The night before, I set my alarm for 5:30am to get up and put the baskets out and hide the eggs. As my husband snored, I crept downstairs and began my chores. I had just finished hiding all the eggs when a door slammed open and my son trudged in. His gaze met mine, and he mumbled something about having to go to the bathroom. I froze in the hallway, afraid to move, and he quietly went back to bed so I thought I was safe.
When I came back downstairs at a more normal hour, I checked out his basket, watched him find eggs, and did our usual holiday routine. But I sensed something off. My son looked different. There was a lack of zeal and joy that was usually there.
An hour later, he came over to me, stared into my eyes, and said, “I know now there’s no Easter Bunny.”
Heart pounding, fighting nausea, I asked why.
He said he saw me hide the eggs. And then he said, “Just tell me Santa is still real.”
And I stared at him, all my perfectly rehearsed speeches …GONE. And where was the damn book? So, I said, “Well, he is, but not in the way you think.” And I rambled about him being a spirit and a whole bunch of other stuff I don’t remember while my heart broke at his face. I rambled, but we had to go to church and I told him we’d discuss more later.
I was tortured by this all day. When I finally sat back down with him, he brushed off my emotional pleas for him to talk to me and said he’d processed it and he was fine. He got it. He wasn’t mad at me, and he wasn’t upset.
And that was that.
I wish I could have handled it differently and wonder how he will view that moment later in life. My son is like me—full of creativity, believing in magic and goodness, his head swimming with his own stories. He’s full of FAITH. He knows how to believe in things you can’t see.
This long story has one point.
Magic—and the loss of it. As we grow up, we need to remove many of the things we believed in that have no place in the world of adults. I get it. Though, I still secretly believe in Santa—I just think he’s different from how we describe him now, and I hopefully my son believes that, too.
I think we all have those moments in life where innocence is ripped away, and we wonder if we’ll ever feel that mystical, joyful sense of wonder again. Change is hard. Growing up is hard. Shifting our illusions and what we want our reality to hold is hard.
Once, I wrote my books with a zeal and passion I will never be able to duplicate because life had not truly changed me yet. Yes, I dealt with a divorced family and an alcoholic father and financial issues, but my core was still the same. I believed with everything I had I’d be successful and famous. The gatekeepers meant nothing to me—even with the rejections I wrote the stories I craved to write, and when I read them, they are full of emotion and messy with the true beginner still learning craft. There was no such thing as being a social media expert, or mastering PR and marketing, and not only writing a great story but selling the hell out of twenty-four-seven.
I love re-visiting who that girl was and her simple dreams.

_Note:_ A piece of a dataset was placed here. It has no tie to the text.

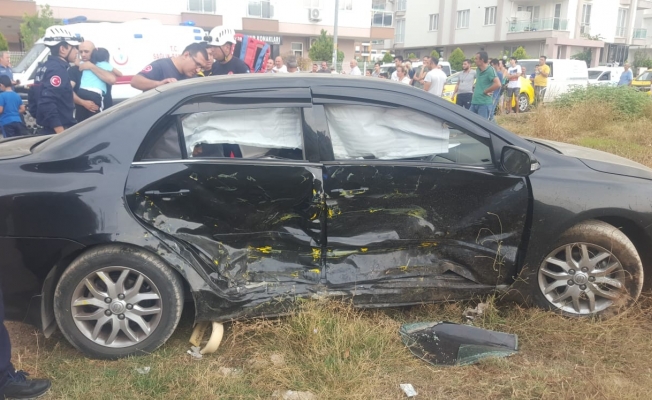 İki otomobil çarpıştı: 6’sı Ürdün vatandaşı 8 yaralı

Even after she learned Santa Clause wasn’t real.
When I delved deeper and began to sift through and find the magic moments I did experience later in life, a sense of peace came over me. There were many more than I thought.
The birth of my children.
When I saw Venice for the first time. And the Sistine Chapel. And Capri. Etc, etc.
When my book hit the bestseller list after thirty years of writing my ass off.

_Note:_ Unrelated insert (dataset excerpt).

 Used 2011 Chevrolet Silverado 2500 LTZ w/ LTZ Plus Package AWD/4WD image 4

When I graduated from college with my master’s degree.
Saying I love you to a man I loved.
Getting married to the man I loved.
Holding Bella as a puppy for the first time.
The list is endless. I just needed to look again and remind myself of the things that rocked my world. And I know there’s more out there that I’m ready to experience.
Of course, this all goes back into the writing. It has to. Connecting with some of those moments and getting it on the page is the key of writing real. Writing naked.
That’s the way we keep it alive forever.
Do you have any magical moments that you’ll never forget?